本書は、日本オセアニア学会創立30周年の記念出版である。1993年には学会創立15周年記念として『オセアニア』3巻本が出版されたが、オセアニア研究はその後の15年の間に飛躍的に発展しており、今回、その最先端の研究成果を公刊することとなった。本書の最も大きな特徴は、文化人類学、人類生態学、考古学、自然人類学、言語学、社会学、政治経済学など、多様なディシプリンが結集して、オセアニアという地域を多角的に研究しているという点であり、地域研究の一つのあり方を提示していると考えている。

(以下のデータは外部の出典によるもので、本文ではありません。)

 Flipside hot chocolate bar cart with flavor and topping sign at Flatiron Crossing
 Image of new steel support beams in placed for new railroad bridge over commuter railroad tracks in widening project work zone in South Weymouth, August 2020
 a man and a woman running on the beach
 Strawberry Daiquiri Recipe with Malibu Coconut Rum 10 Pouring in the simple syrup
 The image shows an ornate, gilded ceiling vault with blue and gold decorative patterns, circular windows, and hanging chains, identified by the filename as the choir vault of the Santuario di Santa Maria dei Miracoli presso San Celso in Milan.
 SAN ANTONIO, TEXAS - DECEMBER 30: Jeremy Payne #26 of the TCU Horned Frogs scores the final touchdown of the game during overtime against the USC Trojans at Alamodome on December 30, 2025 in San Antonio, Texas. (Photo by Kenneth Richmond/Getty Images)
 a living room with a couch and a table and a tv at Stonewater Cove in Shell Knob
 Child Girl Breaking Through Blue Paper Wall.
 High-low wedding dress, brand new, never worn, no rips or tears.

太平洋に点在する島々を中心としたオセアニアという地域は、日本では、長年「辺境」としての扱いを受けてきており、マスメディアでも「秘境」あるいはその逆の「楽園」として描かれるだけであった。最近は、ツバルの例に見られるように、地球温暖化との関連で「科学技術の犠牲者」として描かれることもあるが、どちらにしても、日本からは最も遠い位置付けにある「よその世界」としてのイメージが先行しているといえる。しかし、これらの島々は、我々と同時代を生きているのであり、イメージとは異なった現実の世界がそこに展開されているのである。
本書は五部構成をとっている。第一部「人類の移動と居住戦略」では、オセアニアに初めて足を踏み入れた人びとの移住の足跡を追及している。第二部「環境と開発」では、海の文化を取り囲む自然?社会的環境だけではなく、グローバリゼーションの進行に伴う環境変化をも視野にいれて議論を展開している。第三部「身体と病い」では、自然環境の変化が身体にどのような影響を与えるのかという点が論じられている。第四部「植民地化と近代化」では、オセアニアにおける近代化、第五部「文化とアイデンティティ」では、オセアニアの文化を扱っているが、近代化と伝統文化という具合に、伝統と近代を対比して論じようとしているのではない。本書では、オセアニアにおける開発も、病いも、近代化も、かつてから継続しているとされている文化も、今日的なアイデンティティのあり方も、現在の島嶼世界を生きる人びとの文化そのものであるという視点から論じているのである。